A project that leverages big data and containerization tools to achieve an easy-to-setup big data processing system. Demonstrate uses of the following:
- Spark (Structured Streaming) - a scalable stream processing engine
- Flink - a stateful stream processing engine
- Hive - SQL-like interface to enable query on HDFS data
- Kafka - a distributed event streaming platform
- HBase (Paired with Caffeine Cache) - a non-relational distributed database for quick real-time query
- Druid - a column-oriented distributed real-time analysis database
- Docker - an application containerization platform
cd docker
sh project-runner.sh <start | stop> [optional processing_platform] [optional job_name] [optional resource_path] [optional kafka_start_time] [optional kafka_end_time] |
- <start | stop> - start or stop all docker container
- <processing_platform> - flink or spark. e.g, flink/spark. Default is set to be 'spark'
- <job_name> - optional processing job class name. e.g, Txn/TxnUser. Default is set to be 'Txn'
- <resource_path> optional job configuration file name. e.g, txn.conf/txn_user.conf. Default is set to be txn.conf
- <kafka_start_time> optional Kafka consumption start time (millisecond, second will get converted). e.g, 1643441056000. Default is set to be -1
- <kafka_end_time> optional Kafka consumption end time (millisecond, second will get converted). e.g, 1643441056000. Default is set to be -1
sh project-runner.sh start spark Txn txn.conf
sh project-runner.sh start spark TxnUser txn_user.conf
sh project-runner.sh start flink FlinkTxn flink_txn.conf
Note that there is a known bug in Kafka 2.3.0 when the checkpoint mechanism is enabled in the Flink processing pipeline - the Flink job throws exception 'org.apache.kafka.common.errors.UnknownProducerIdException' when a streams application has little traffic. Reader may refer to the questions posted on StackOverflow
docker container exec -it project_kafka_broker /bin/bash
kafka-console-consumer --bootstrap-server broker:9092 --topic <order | txn | txn_user>
docker container exec -it project_kafka_broker bash -c "kafka-console-consumer --bootstrap-server broker:9092 --topic txn"

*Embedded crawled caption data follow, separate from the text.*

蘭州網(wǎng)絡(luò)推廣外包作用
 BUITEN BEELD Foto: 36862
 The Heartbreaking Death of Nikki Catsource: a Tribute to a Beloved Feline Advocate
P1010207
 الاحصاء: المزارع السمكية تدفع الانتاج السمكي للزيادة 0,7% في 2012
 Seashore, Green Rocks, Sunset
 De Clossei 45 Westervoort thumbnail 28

Two ways to get the metrics from the Druid datasource:
- Submit native query via curl
DRUID_QUERY_JSON="./druid_txn_query.json" DRUID_QUERY_JSON="./druid_txn_user_query.json"
query=$(cat $DRUID_QUERY_JSON | sed "s/start_time/$(date +"%Y-%m-%d")T00:00:00+08:00/" | sed "s/end_time/$(date -v +1d +"%Y-%m-%d")T00:00:00+08:00/") curl -X POST \ http://localhost:8889/druid/v2/?pretty \ -H 'cache-control: no-cache' \ -H 'content-type: application/json' \ -d "$query"
- Submit SQL query via Druid UI
SELECT country, SUM("gmv") AS gmv_sum, SUM("gmv_usd") AS gmv_usd_sum, SUM("count") AS order_count FROM txn GROUP BY country SELECT country, SUM("count") AS user_count FROM txn_user GROUP BY country
sh project-runner.sh stop
- Spark Master - http://localhost:8080
- Spark Worker - http://localhost:8081
- Flink Job Manager - http://localhost:8083
- HBase Master - http://localhost:16010
- Druid Router (For manual ingestion & SQL query) - http://localhost:8889
- Druid Overload - http://localhost:8086
- Docker (20.10.7) - https://docs.docker.com/get-docker/
- Java (1.8)
- Scala (2.11.12)
- Mvn (10.15.7)
- Flink (1.14.4)
- Kafka (2.3.0)
- Spark (2.4.5)